The whistle-blowing act by Waqo, President’s act of tabling the confidential dossier in Parliament and the ongoing in-house investigations at EACC have further raised fresh credibility questions on EACC’s capacity to comprehensively fight graft.

Some people believe the President’s actions on Thursday missed the point because the EACC itself “must be clean” if it has to clean others.

“EACC has not been acting bold enough yet it has the mandate. Why wait for a Presidential directive to act yet you have the mandate? The President should have started by cleaning EACC itself to enable its broom sweep clean,” notes High Court lawyer Titus Bittok, who also lectures at the University of Eldoret.

The EACC’s mandate involves combating and preventing corruption and economic crime through law enforcement, preventive measures, public education and promotion of standards and practices of integrity, ethics and anti-corruption

Time wastage

Ndubi supports this view: “A credible commission is necessary in the first place if the war on corruption has to be won. We must get it right from there otherwise we are wasting time. If one of the officials is sneaking out information to the President behind the backs of others, how can such a commission be expected to undertake the kind of intricate investigations we are talking about?”

The President of the East African Law Society, James Mwamu, says EACC’s mandate and structure was weakened by legislators and that in its current form, it cannot effectively fight corruption.

“The infighting within has also weakened EACC’s ability to investigate and prosecute corruption cases. A few things are not going right and we in legal circles feel the commission is being set up for failure,” Mwamu told The Standard on Sunday on phone from Zanzibar. The Executive Director of the Centre for Legal Aid (Kituo Cha Sheria), lawyer Getrude Angote, says what was being levelled against EACC were allegations which must be proven in law.

“While we demand that the EACC be above board to cultivate and retain the much needed public confidence in fighting corruption, we cannot condemn it without proving allegations of corruption. The rule of law has to prevail,” noted Angote.

Barrack Muluka, a Special Consultant on and advisor on public and media relations, says EACC has the moral authority to fight corruption.

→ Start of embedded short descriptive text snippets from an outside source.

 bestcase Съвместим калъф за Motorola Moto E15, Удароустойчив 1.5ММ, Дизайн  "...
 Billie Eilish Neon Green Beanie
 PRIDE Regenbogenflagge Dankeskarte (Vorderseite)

“It’s a clearly constituted commission with a clear mandate. Machinations and conspiracies are being orchestrated against it with the interest of defeating justice. It has happened before to people like PLO Lumumba when they headed the commission,” said Muluka.

Legislator Daniel Maanzo, a lawyer by profession, says Parliament cannot deliberate on the petition before it because the matter was also in court.

“The President asked for the status report of investigations on corruption by EACC and he was given. He decided to bring it to Parliament and in so doing he was perfectly in order,” said Maanzo.